Records from a collection

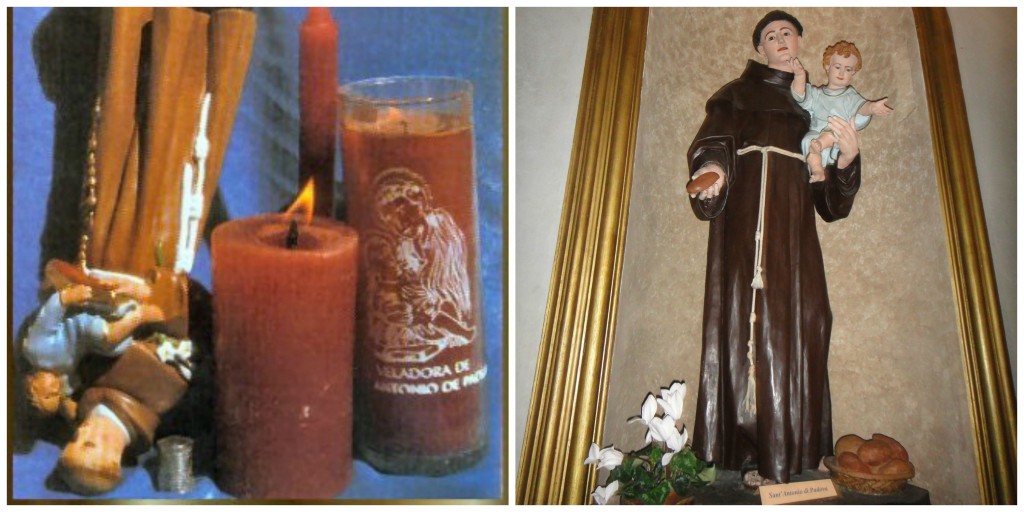 Part of the custom in some places in Latin America and Spain is display St. Anthony upside down and with bread.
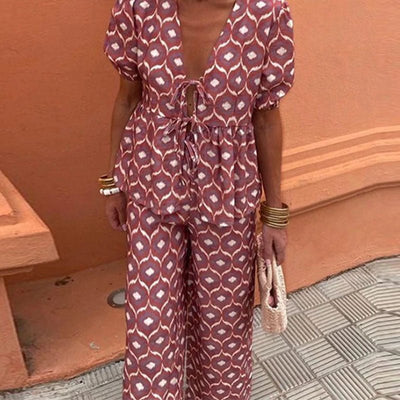 Nahia™ | Chic printed flowy set, summer charm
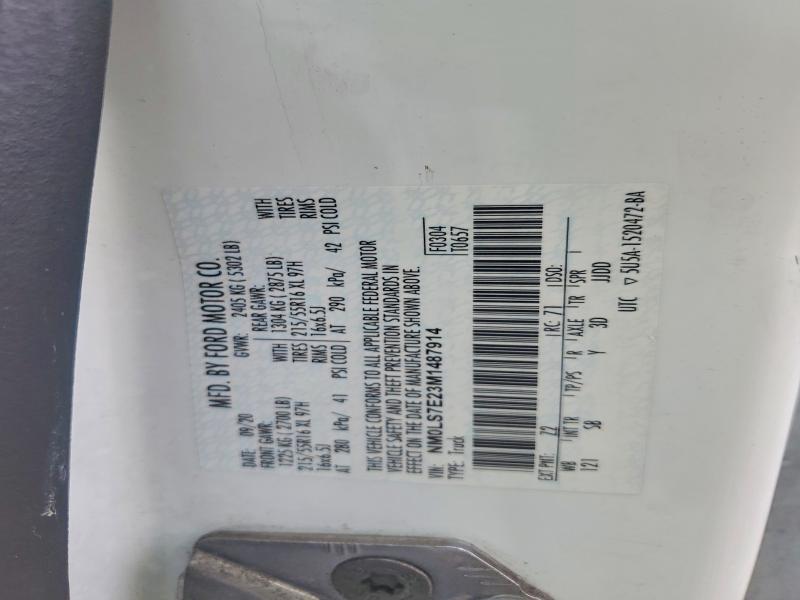 Aukcja sprzedaży 2021 Ford Transit Connect, vin: NM0LS7E23M1487914, numer aukcji: 51706816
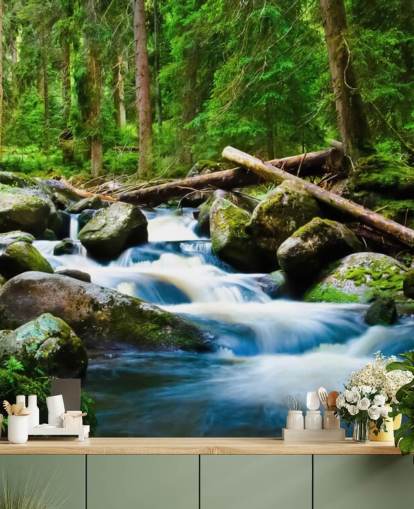 Decorazione murale con cascata nella foresta Decorazione murale con cascata nella foresta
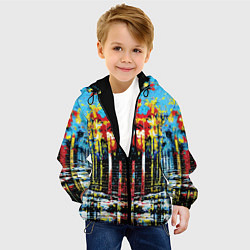 Куртка с капюшоном детская Зеркальная абстракция - нейросеть, цвет: 3D-черный — фото 2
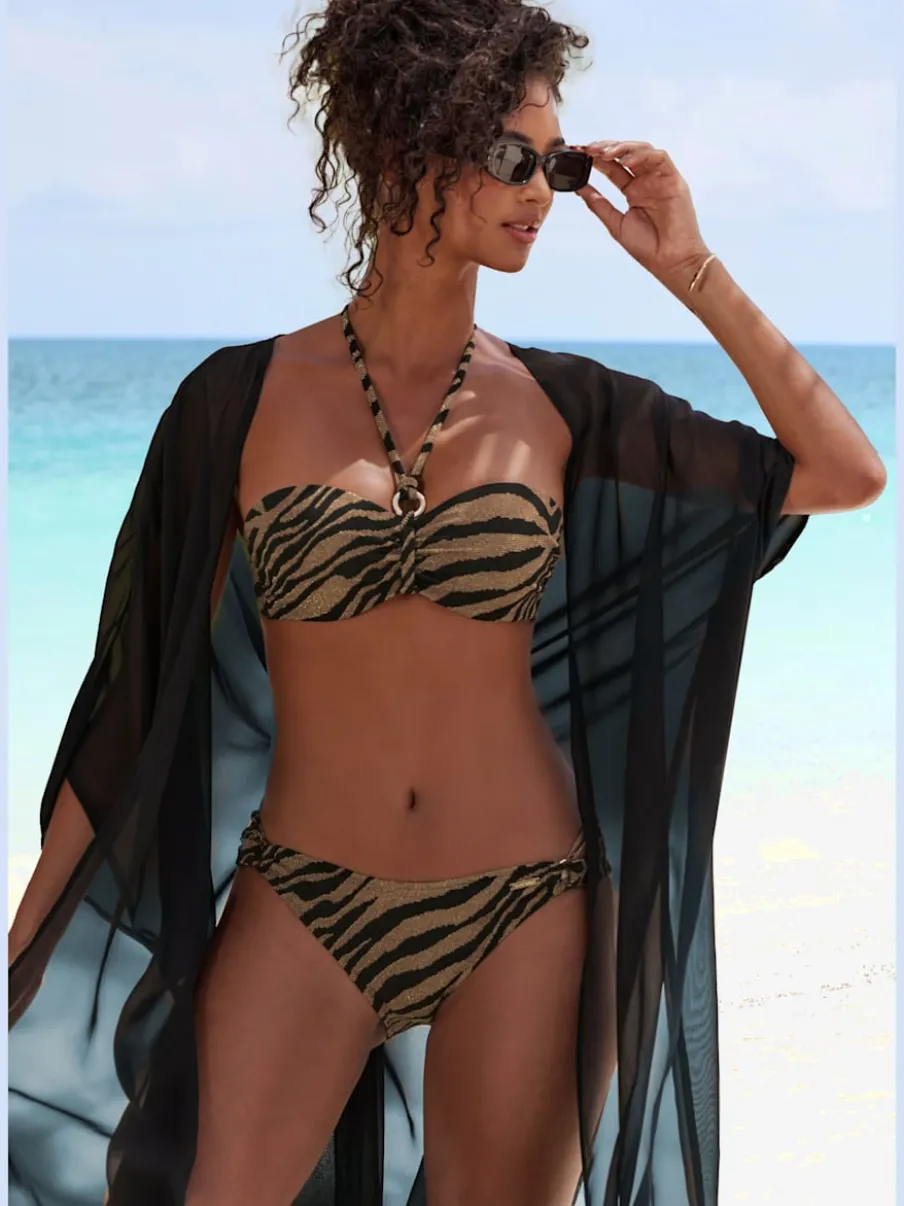 Maillot de bain bandeau à armatures avec motif animalier rayé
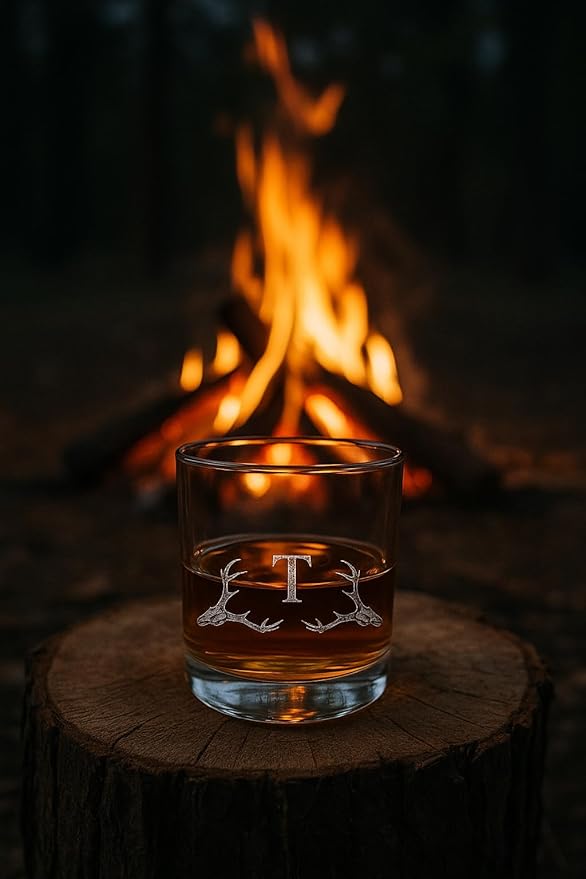 Hat Shark Personalized Whiskey Glass with Deer Skull Monogram, Single Rocks Glass, A-Z Initial, Clear (1, Letter T)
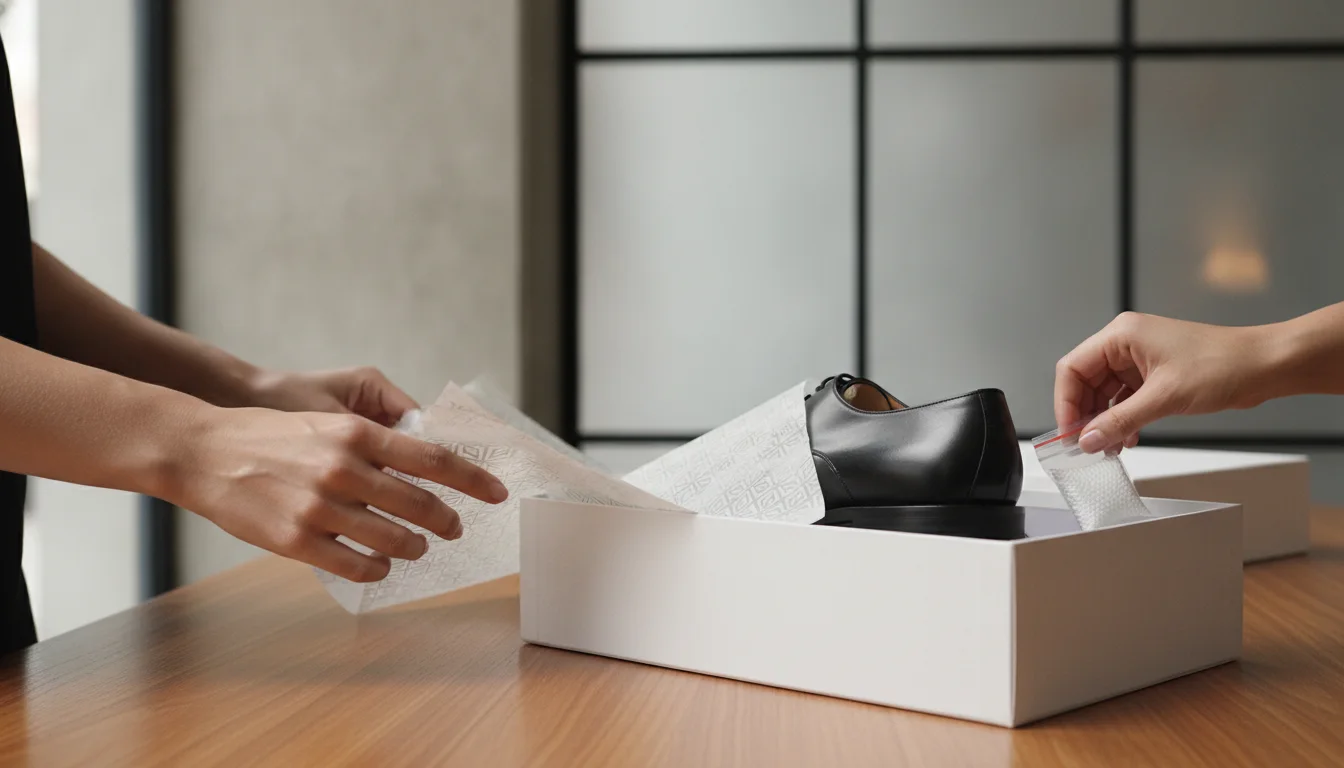 Warehouse worker placing tissue paper and protective material into a shoe box at the packing table.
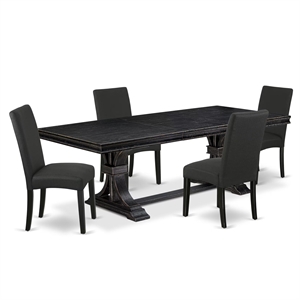 East West Furniture Laneville 5-Piece Dining Room Set in Black Finish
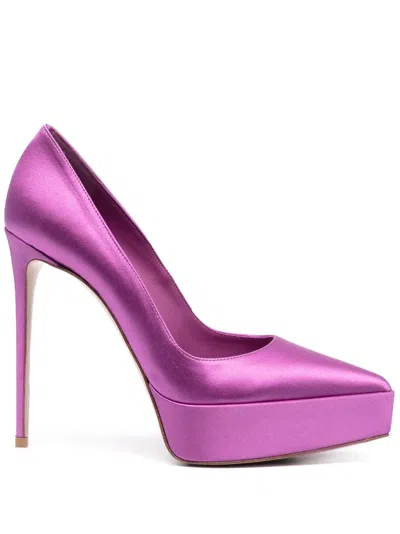 Le Silla Uma 140mm Satin Pumps In Violett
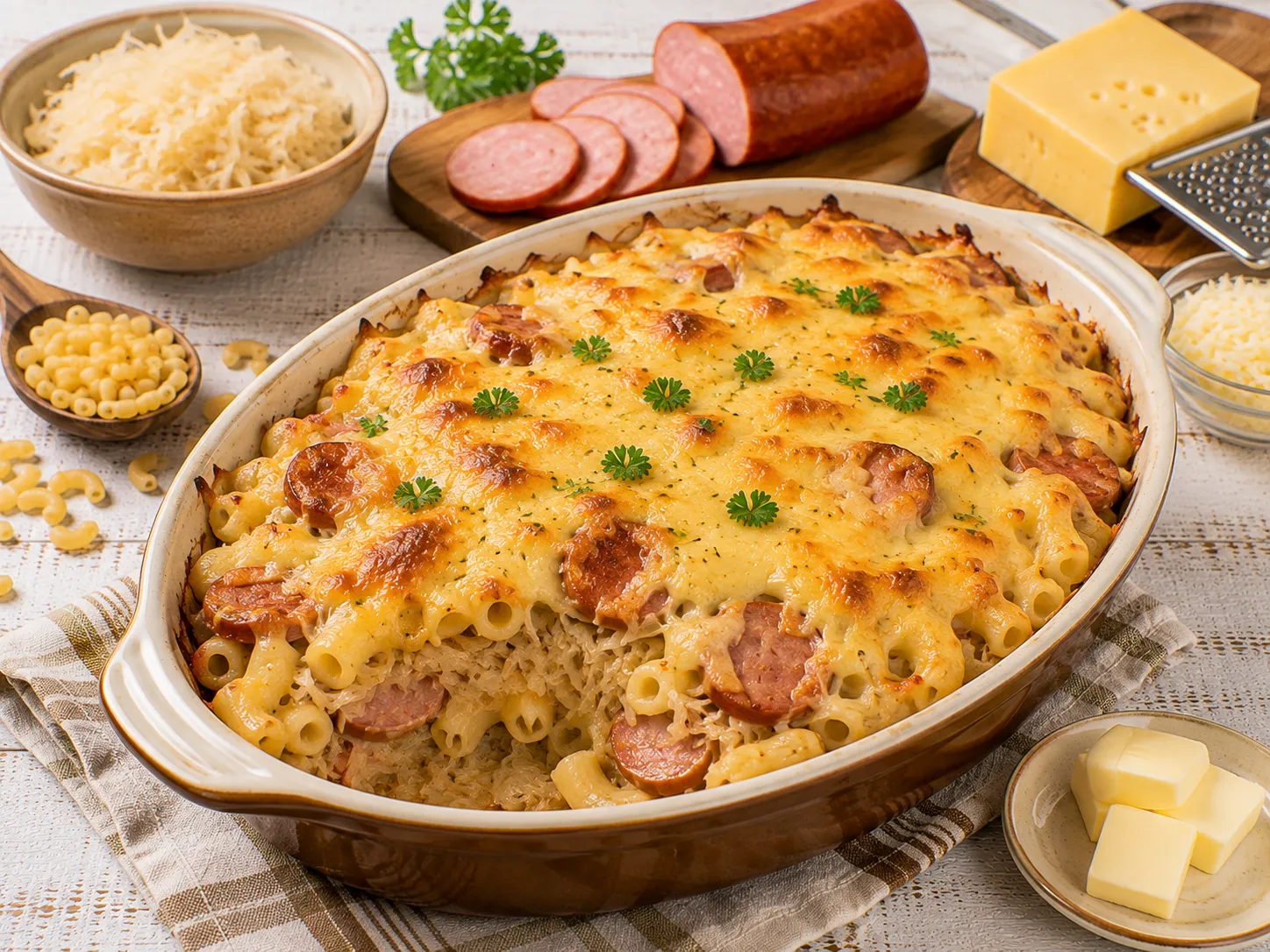 Goldbraun überbackener Makkaroni-Auflauf mit Sauerkraut und Käse.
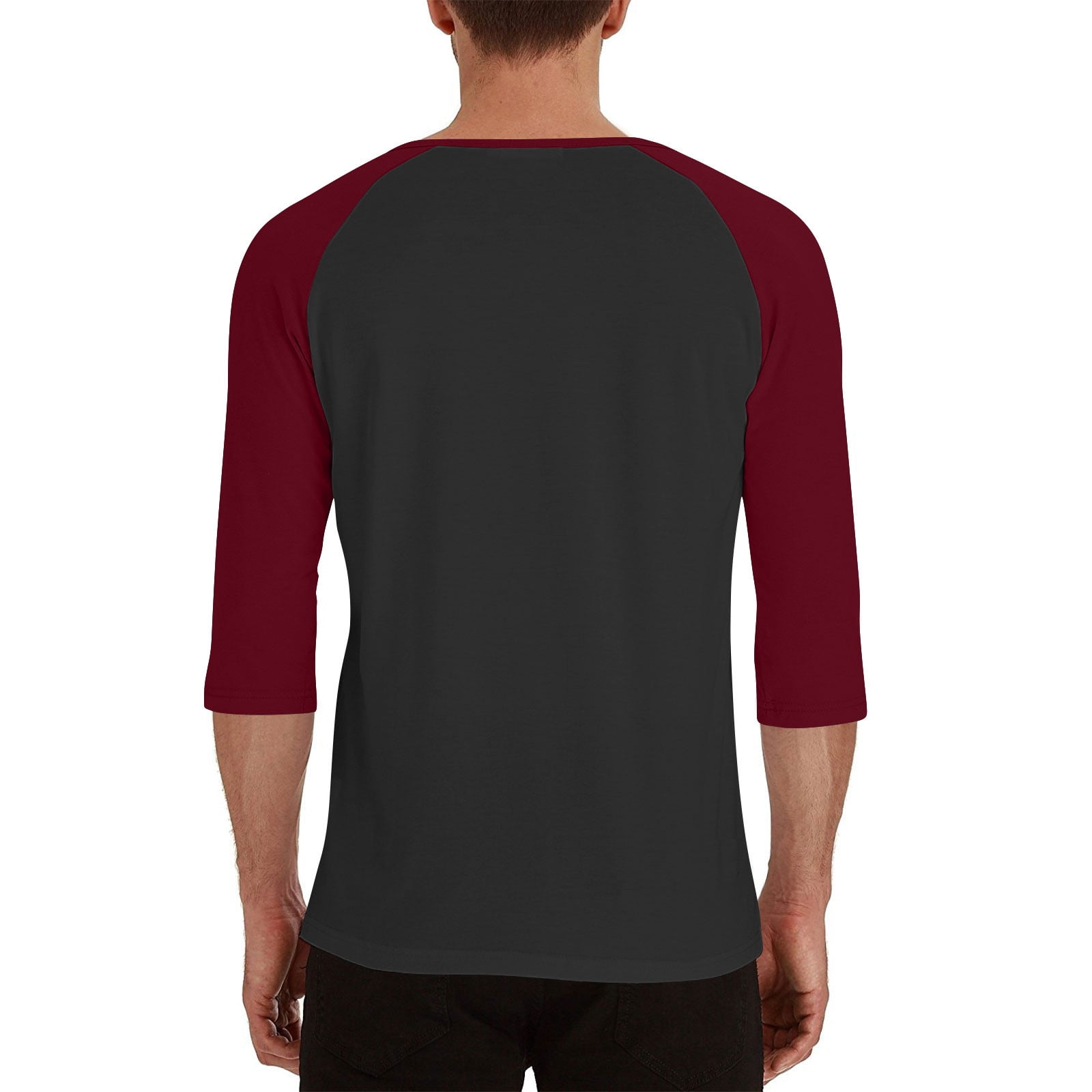 RYRJJ Henley Shirts for Men Raglan 3/4 Sleeve Baseball T-Shirts Color Block Summer Casual Cotton Sport Athletic Tee Tops(Black Wine,XXL)
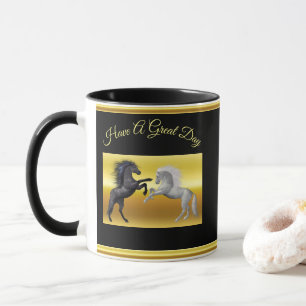 Black and a white Horse that are fighting Mug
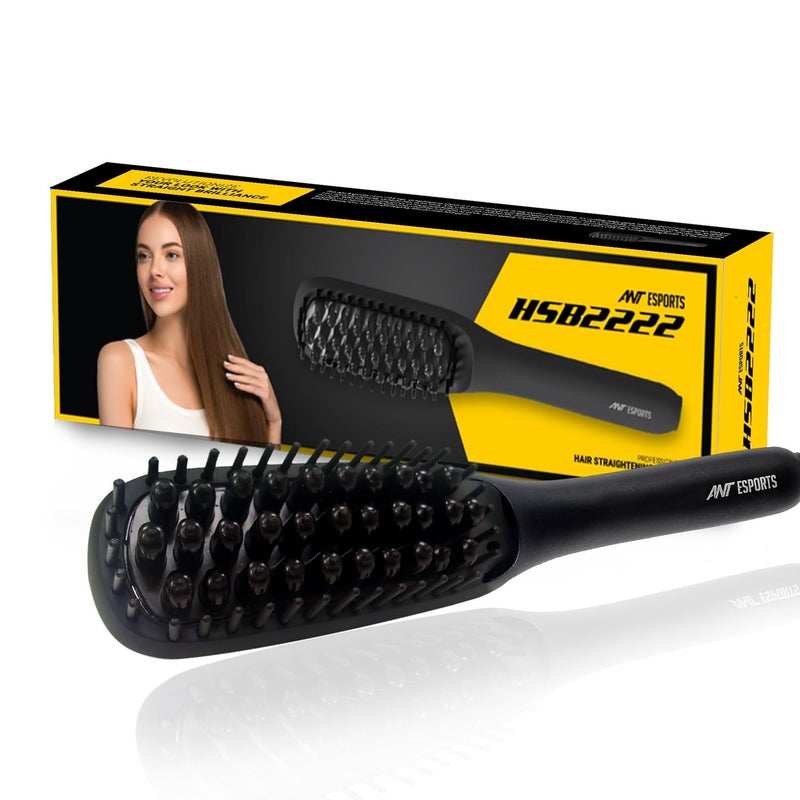 Ant Esports HSB2222 Hair Straightener Brush, Fast Heating Straightening Comb with Anti Scald & On-Off Safe, Portable Travel Flat Iron Brush, Frizz-Free Hair Care Silky Straight Heated - Black - Image 5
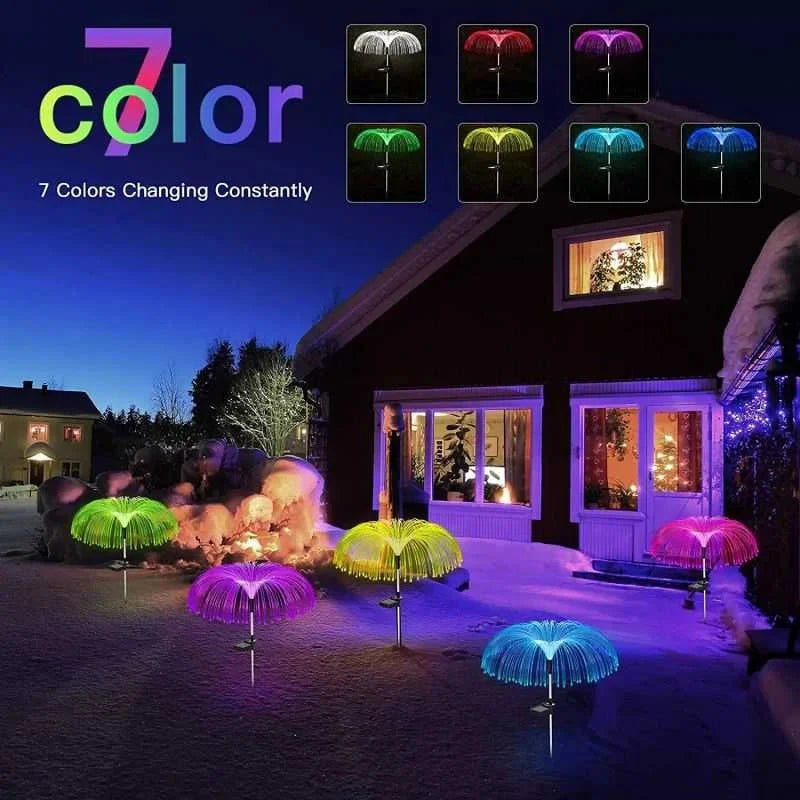 🔥ACQUISTA 1 E RICEVI 1 GRATIS (CONFEZIONE DA 2)🔥Luce ambientale solare impermeabile per prato esterno che cambia colore a forma di medusa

Assignment:
Nothing but the lines from the one containing "Hat Shark Personalized" through the final line of the records, both included and copied exactly, should appear in the answer; pictures stay out.

Solution:
 Hat Shark Personalized Whiskey Glass with Deer Skull Monogram, Single Rocks Glass, A-Z Initial, Clear (1, Letter T)
 Warehouse worker placing tissue paper and protective material into a shoe box at the packing table.
 East West Furniture Laneville 5-Piece Dining Room Set in Black Finish
 Le Silla Uma 140mm Satin Pumps In Violett
 Goldbraun überbackener Makkaroni-Auflauf mit Sauerkraut und Käse.
 RYRJJ Henley Shirts for Men Raglan 3/4 Sleeve Baseball T-Shirts Color Block Summer Casual Cotton Sport Athletic Tee Tops(Black Wine,XXL)
 Black and a white Horse that are fighting Mug
 Ant Esports HSB2222 Hair Straightener Brush, Fast Heating Straightening Comb with Anti Scald & On-Off Safe, Portable Travel Flat Iron Brush, Frizz-Free Hair Care Silky Straight Heated - Black - Image 5
 🔥ACQUISTA 1 E RICEVI 1 GRATIS (CONFEZIONE DA 2)🔥Luce ambientale solare impermeabile per prato esterno che cambia colore a forma di medusa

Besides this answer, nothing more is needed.